Voltando à simbologia da cadeira, é de insistir que ela é um documento escultórico-arquitetónico que nos reporta a missão de Pedro: estribado na oração que Jesus Cristo fez por ele, fortalecer os irmãos na fé (Lc 22,32), apascentar os cordeiros, apascentar as ovelhas (Jo 21,15-17). Ora, quem passou pela experiência de apascentar cordeiros e ovelhas, bem sabe do cuidado, da solicitude e da paciência que é preciso mobilizar permanentemente. Mais do que o “trono”, cadeira ou cátedra, é preciso utilizar: os passos, para procurar as ovelhas que se percam, se buscarem os melhores lugares de pasto e se transportarem as melhores forragens; o cajado, para arrimo (não para bater nas ovelhas, mas para lhes indicar o caminho); a manta e o capote, para resguardo do frio e acolhimento da ovelha mais frágil ou mais doente; e as botas, polainas e chapéu ou boina, para enfrentar os escolhos e as intempéries. Mas a “cátedra”, talvez necessariamente improvisada e andante, há de servir para ensinar os melhores caminhos, ensinar a escolher os pastos mais adequados a cada momento, ensinar a escolher as melhores parcerias de vida e de acasalamento.
Quando Pedro chegou a Roma, a sede do império achava-se no auge do poder despótico e da corrupção. Nos palácios, templos, parques e teatros reinavam a pompa e o luxo desmesurados. Com as riquezas das províncias  mais  longínquas, tinham chegado os ídolos, a superstição  e os vícios de outras paragens. Ao lado das riquezas asfixiantes, grande parte da população gemia sob o mais vil jugo da escravidão. O imperador era considerado o divino “Deus e Senhor”, e como tal recebia dos aduladores as supremas homenagens. O vício, sob as formas mais hediondas, ostentava-se publicamente e, para o justificar, pululavam as divindades às quais se oferecesse incenso – cerimónia que os cristãos recusavam com desassombro.
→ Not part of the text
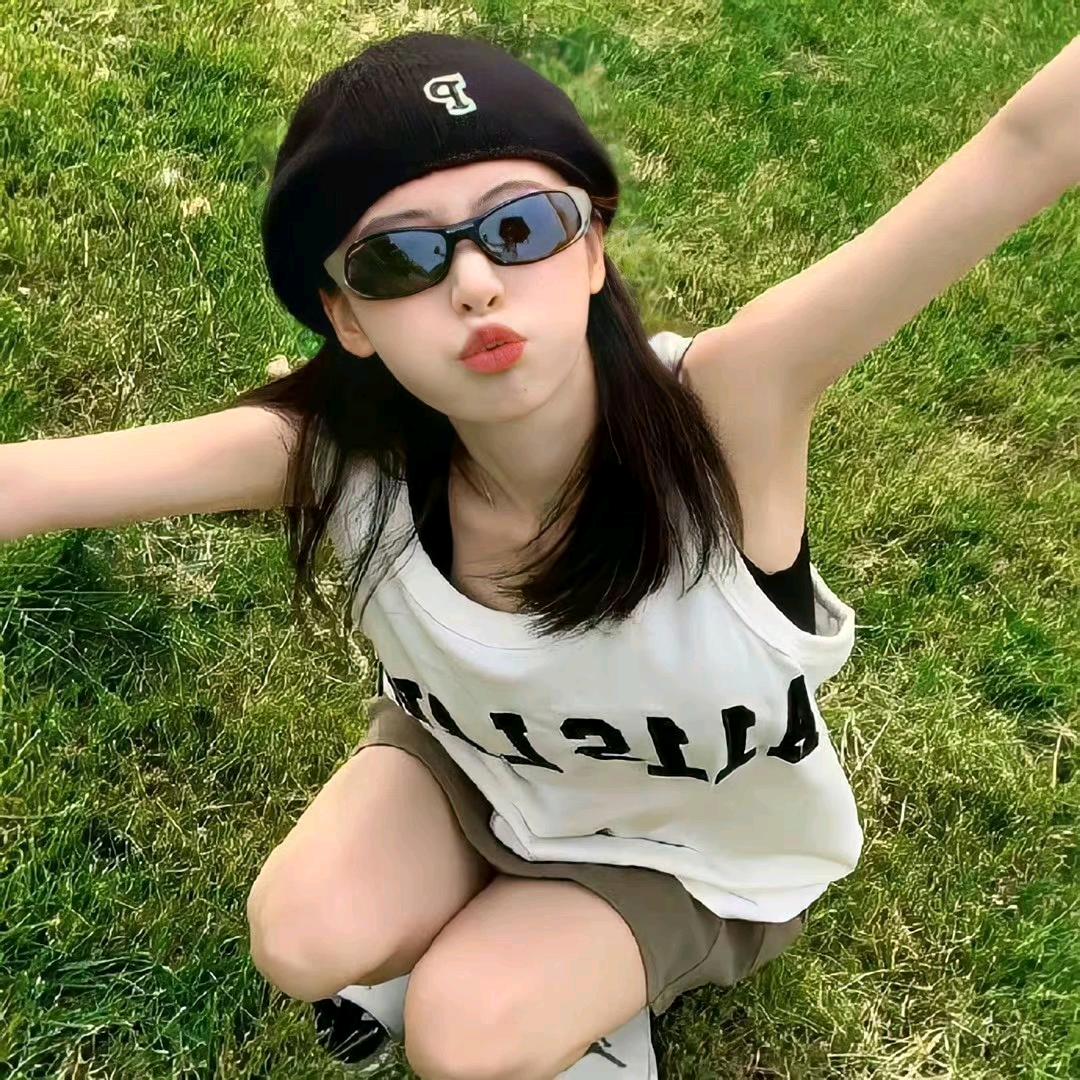 柳柳156小个子女装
Naquele ninho de luxúria pútrida, o principal representante de Jesus Cristo veio pregar o Evangelho e ficou a aguentar a luta no terreno – tarefa bem espinhosa; naquele reino de soberba presumida, fundou e alimentou uma Igreja que perdura há vinte séculos e forneceu como semente de cristãos milhares de mártires; naquele terreno sísmico, estabeleceu a “cadeira da verdade” sofrida; e aí, reconhecendo-se indigno de ter um fim igual ao do divino Mestre, ofereceu a vida em sacrifício no patíbulo da cruz, feito cadeira, trono e altar.
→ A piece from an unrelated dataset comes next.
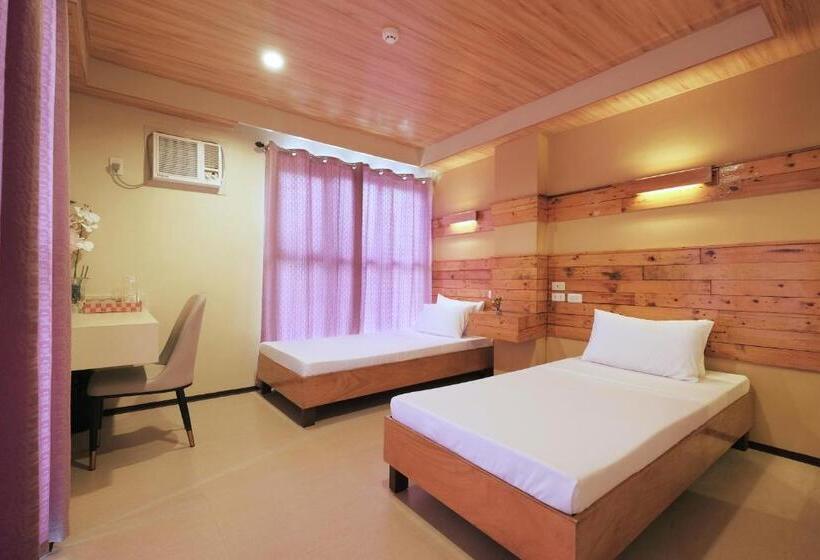 هاستل Ghiellaniqa Inn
Assim, com um testemunho de fim, tão eloquente como o da vida, Simão, filho de João, deu o visível pontapé de baliza do grande desafio-desígnio indicado pelo arcanjo Gabriel a Maria, sobre Cristo, cujo “reino não é deste mundo” (Jo 18,36):
Darás à luz um filho ao qual porás o nome de Jesus. Este será grande e chamá-lo-ão Filho do Altíssimo. Ele reinará eternamente sobre a casa de Jacob e o seu reino não terá fim” (Lc 1,31-33).
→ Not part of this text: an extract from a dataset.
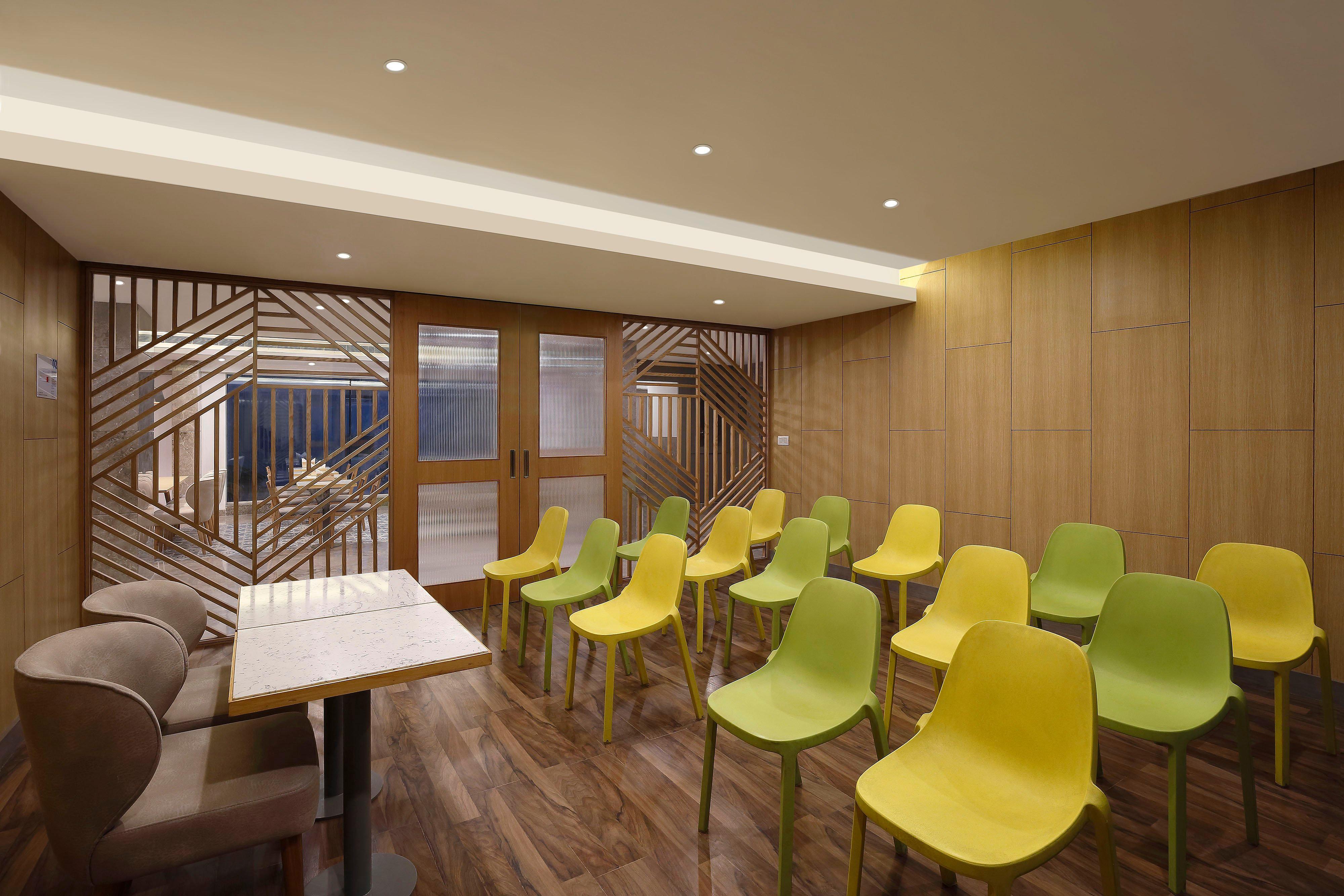 Holiday Inn Express Ahmedabad Prahlad Nagar By Ihg Экстерьер фото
Eis o papa Francisco, sem deitar fora os tesouros vaticanos, mas entusiasticamente a transportar consigo a cátedra de Pedro para andar por ceca e meca a presidir ao exercício da missão dos discípulos de Cristo, o jogo que não terá fim enquanto mundo houver: “Ide e doutrinai todas as gentes, batizando-as em nome do Pai e do Filho e do Espírito Santo, ensinando-as a observar tudo quanto vos mandei” (Mt 28,19-20).